- _Input for this task_:
____________________

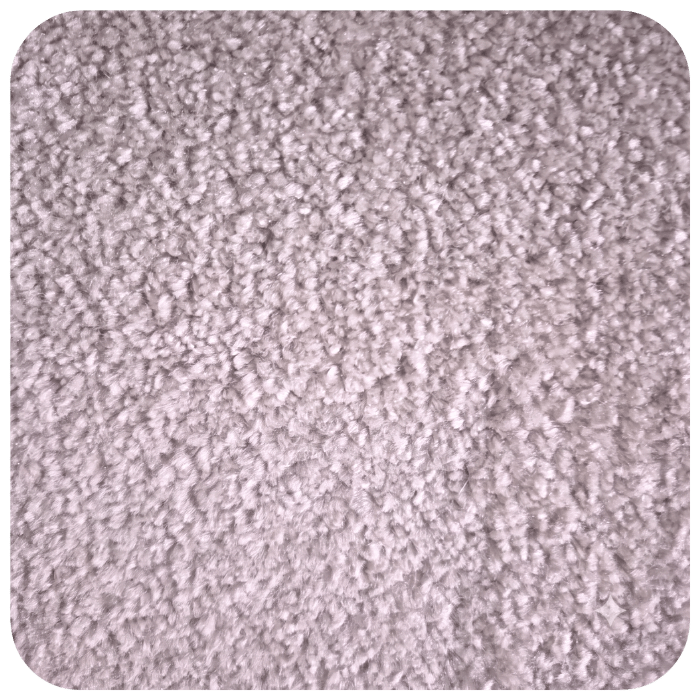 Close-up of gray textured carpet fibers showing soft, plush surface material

____________________

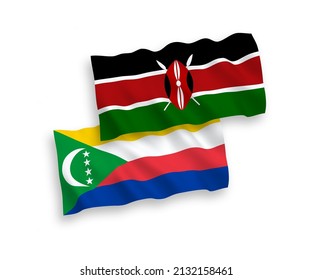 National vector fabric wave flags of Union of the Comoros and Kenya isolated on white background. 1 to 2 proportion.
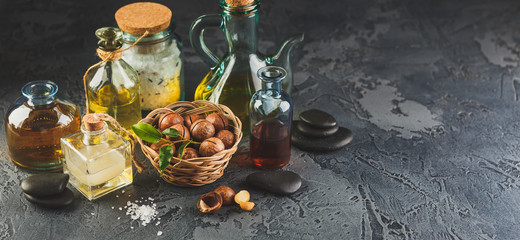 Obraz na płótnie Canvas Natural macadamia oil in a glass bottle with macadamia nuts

____________________

- _Exercise directions_: Transcribe exactly the lines above, beginning at the one with "National vector fabric" and going up to and including the one with "Obraz na płótnie". Pictures do not belong in the copy.

- _Solution_:
 National vector fabric wave flags of Union of the Comoros and Kenya isolated on white background. 1 to 2 proportion.
 Obraz na płótnie Canvas Natural macadamia oil in a glass bottle with macadamia nuts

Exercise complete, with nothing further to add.